I have created a ticket here
https://issues.apache.org/jira/browse/TIKA-2037
Regards,
Eli Trucco
On 20.07.2016 16:56, Allison, Timothy B. wrote:
Are you able to share some examples? If so, please open a ticket.
-----Original Message-----
From: Eli Trucco [mailto:theknight...@yahoo.com]
Sent: Wednesday, July 20, 2016 10:39 AM
To: user@tika.apache.org
Subject: Problems with email attachments
Hi guys,
So I'm currently writing a small app that reads a directory and generally
parses all documents inside it including extracting all their
attachments/embedded files (if exist). I use Tika to achieve this, however I
stumbled across a couple of problems while parsing .eml files from Thunderbird.

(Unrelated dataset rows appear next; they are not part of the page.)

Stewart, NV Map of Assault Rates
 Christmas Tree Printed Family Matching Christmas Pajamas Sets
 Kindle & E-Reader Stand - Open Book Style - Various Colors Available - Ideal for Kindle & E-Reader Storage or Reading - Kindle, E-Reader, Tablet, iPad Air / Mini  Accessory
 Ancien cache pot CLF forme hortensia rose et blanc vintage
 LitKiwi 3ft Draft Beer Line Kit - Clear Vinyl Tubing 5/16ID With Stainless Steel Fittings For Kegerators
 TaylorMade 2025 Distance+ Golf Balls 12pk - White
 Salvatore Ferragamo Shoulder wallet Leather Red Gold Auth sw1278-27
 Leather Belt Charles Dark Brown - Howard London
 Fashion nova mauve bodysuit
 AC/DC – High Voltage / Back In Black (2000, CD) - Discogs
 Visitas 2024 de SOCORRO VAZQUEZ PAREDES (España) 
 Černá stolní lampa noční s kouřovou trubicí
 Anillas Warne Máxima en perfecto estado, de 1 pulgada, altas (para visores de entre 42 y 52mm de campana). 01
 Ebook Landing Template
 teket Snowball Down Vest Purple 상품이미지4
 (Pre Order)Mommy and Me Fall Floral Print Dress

Some of them are wrongly identified (as text/html, or
application/xhtml+xml) and in a lot of them, the attachments are not detected.
I tried to parse 20 random eml files with attachments (pdf,txt,html,etc), and
at least 10 of them are either identified as html, or correctly identified as
rfc822 but the attachments are not extracted. I tried the same files using
TikaCLI -z option with the same result :(
What I did: I extended the class ParsingEmbeddedDocumentExtractor to extract
and store the attachments somewhere else (exactly as shown in this example code
https://github.com/apache/tika/blob/master/tika-example/src/main/java/org/apache/tika/example/ExtractEmbeddedFiles.java).
Is it the correct, or is that another way to do this? Any idea to improve the
type detection or how to extract the attachments better would be really
appreciated !
Regards,
Eli Trucco